Specifically, detection involves identifying attempts to open or extract UFS archives that trigger multi-gigabyte memory allocations unexpectedly.

Since the vulnerability is triggered by crafted UFS images, scanning for suspicious or unusually large UFS archive files on your system may help.

There are no explicit commands provided in the resources to detect this vulnerability directly.

Mitigation Strategies

The immediate mitigation step is to upgrade NanaZip to version 6.5.1749.0 or later, where the vulnerability is fixed.

The fix includes validation of the fragment count and size in UFS images to prevent unbounded memory allocations.

Until the upgrade is applied, avoid opening or extracting untrusted or suspicious UFS archives with vulnerable versions of NanaZip.

Compliance Impact

The vulnerability in NanaZip allows an attacker to cause memory exhaustion or process termination by opening a crafted UFS image, leading to denial of service (availability loss).

Since the primary impact is on availability due to memory exhaustion, this could potentially affect compliance with standards that require maintaining system availability and reliability, such as HIPAA's Security Rule or GDPR's requirements for data availability and integrity.

However, the vulnerability does not involve unauthorized access to or disclosure of personal data, so its direct impact on confidentiality or privacy requirements under GDPR or HIPAA is limited.

Organizations using vulnerable versions of NanaZip should consider the risk of denial of service in their compliance assessments and apply the patch to mitigate availability risks.

Executive Summary

This vulnerability exists in NanaZip's UFS and FFS image handler, specifically in the way it validates certain fields in UFS images.

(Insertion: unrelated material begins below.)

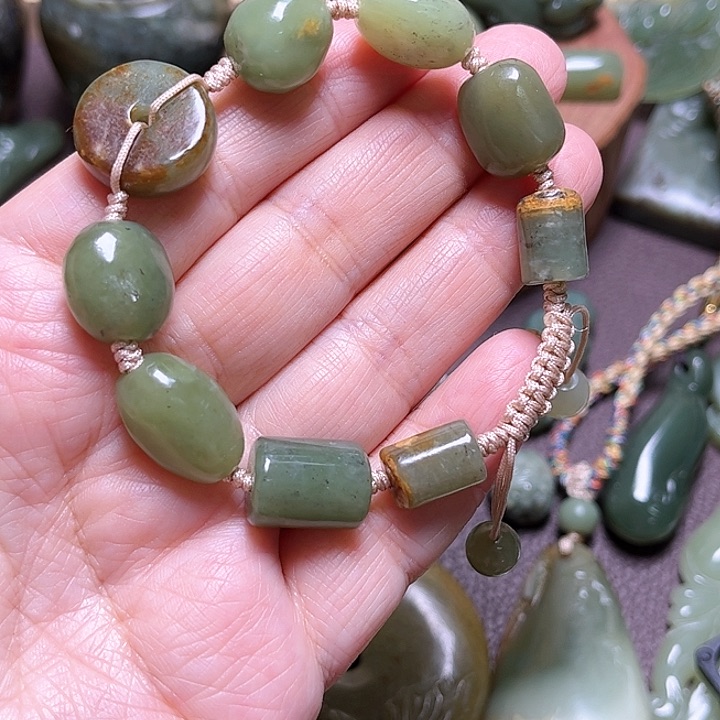 岫岩河磨玉（透闪石质玉）手绳未镶嵌玲*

Prior to version 6.5.1749.0, NanaZip only checked the superblock block size against a minimum lower bound but did not validate the fragment size field. Both these fields are attacker-controlled 32-bit values.

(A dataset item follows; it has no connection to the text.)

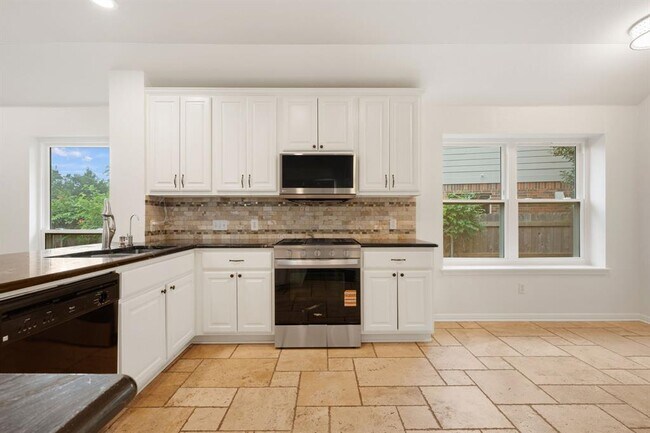 Building Photo - 8113 Campeche Bay Pl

Because of this insufficient validation, a specially crafted UFS image can cause the program to allocate extremely large amounts of memoryβ€”potentially multiple gigabytesβ€”when opening or extracting the archive. This can lead to memory exhaustion or cause the process to terminate unexpectedly.

Impact Analysis

The primary impact of this vulnerability is a denial of service caused by memory exhaustion. When a user opens or extracts a maliciously crafted UFS image, NanaZip may allocate multi-gigabyte buffers, which can consume all available memory.

This can cause the application to crash or terminate unexpectedly, disrupting normal use and potentially affecting system stability if resources are heavily consumed.